Sulla Croda del Becco
Il Marito mi impedisce di affacciarmi sul vuoto sottostante, quindi solo panoramiche delle cime per noi. Quella a destra è la Croda Rossa col nuovo ghiaione fresco di frana

Ci attacchiamo alle corde con le mani e iniziamo a salire per i tornantini del sentiero, sulle scalette di roccia, che si fanno sempre più ripide fino all’arrivo sul primo costone della montagna.
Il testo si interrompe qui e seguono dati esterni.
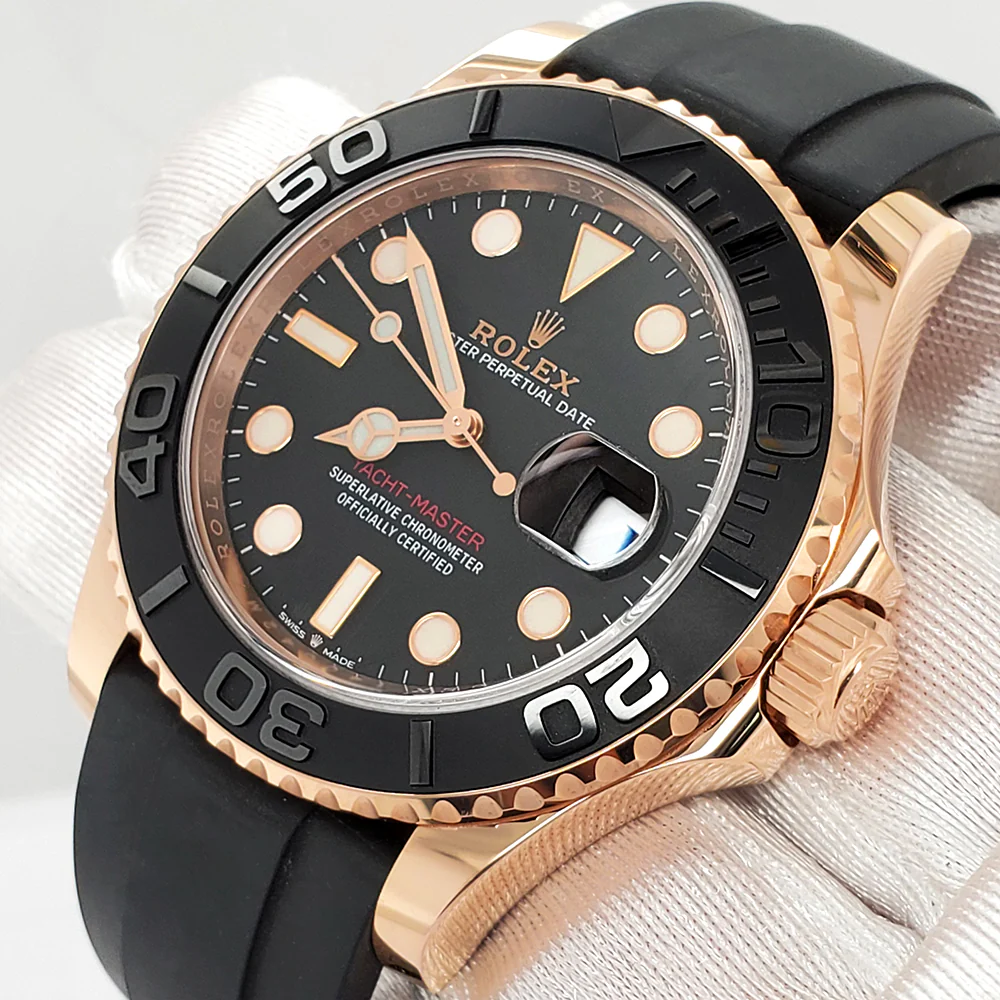 2021 Rolex Yacht-Master 40mm 126655 Black Dial Oysterflex Strap Rose Gold Watch Box Papers/Serial Tag - Image 2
Poi il sentiero si butta in diagonale sulla parte interna, salendo a zig-zag fra i massi verso la cima. Questa inizia a vedersi, sul punto più alto della croda. Infine, superati alcuni sassoni e salite le ultime scalette, si arriva alla croce, in un piccolo spiazzo di ghiaia e roccia abbastanza protetto ma esposto ai venti. Verso nord alcuni massi fanno da parapetto verso il vuoto che si spalanca sotto di noi.

Là in fondo il lago, piccolissimo, nella sua cornice verde di abeti. Tutto intorno solo cime affilate come lame, inaccessibili.
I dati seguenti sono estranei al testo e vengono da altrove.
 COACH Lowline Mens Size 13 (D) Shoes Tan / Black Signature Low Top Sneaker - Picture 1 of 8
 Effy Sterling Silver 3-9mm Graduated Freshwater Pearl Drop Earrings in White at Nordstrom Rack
Il vento ci spazza la faccia. Dopo qualche foto di rito e una breve conteplazione del mondo e della nostra piccola impresa personale riuscita, scendiamo alla base per metterci le ciabatte e bere la nostra meritata birra.

Sulla Croda del Becco
Un dedalo di denti oltre la croce

Tempistiche

Dal rifugio alla cima della Croda del Becco impieghiamo circa 1h15, per circa 500 metri di dislivello, in linea coi tempi CAI. La discesa è più veloce, circa 40 minuti.

Il rifugio Biella

Il rifugio Biella è un classico rifugio CAI. È abbastanza grande, con camerate e stanzoni, bagni alla buona con acqua fredda e niente docce.

Il cibo è abbondante, con i piatti standard CAI per i poveretti come noi, e la compagnia che si incontra è varia. C’è chi fa solo una notte in quota, c’è chi fa il giro di Fanes-Sennes-Braies. C’è anche chi si è perso nel temporale ed entra bagnato come un pulcino, ormai oltre l’orario di cena.

Ma due panini non si negano a nessuno e ogni avventore sa che troverà un porto sicuro. Quando alloggi ti chiedono da dove vieni e dove sei diretto, così se ti perdi o non arrivi dove hai prenotato sanno da dove sei partito e ti cercano nei pressi.

La notte passa indenne senza problemi e l’alba ci coglie preparati al nuovo giorno. Le nuvole che avevano portato la pioggia in serata si sono diradate e la nuova via è stata tracciata sulle carte. Nella luce dorata del mattino possiamo partire per la prossima tappa.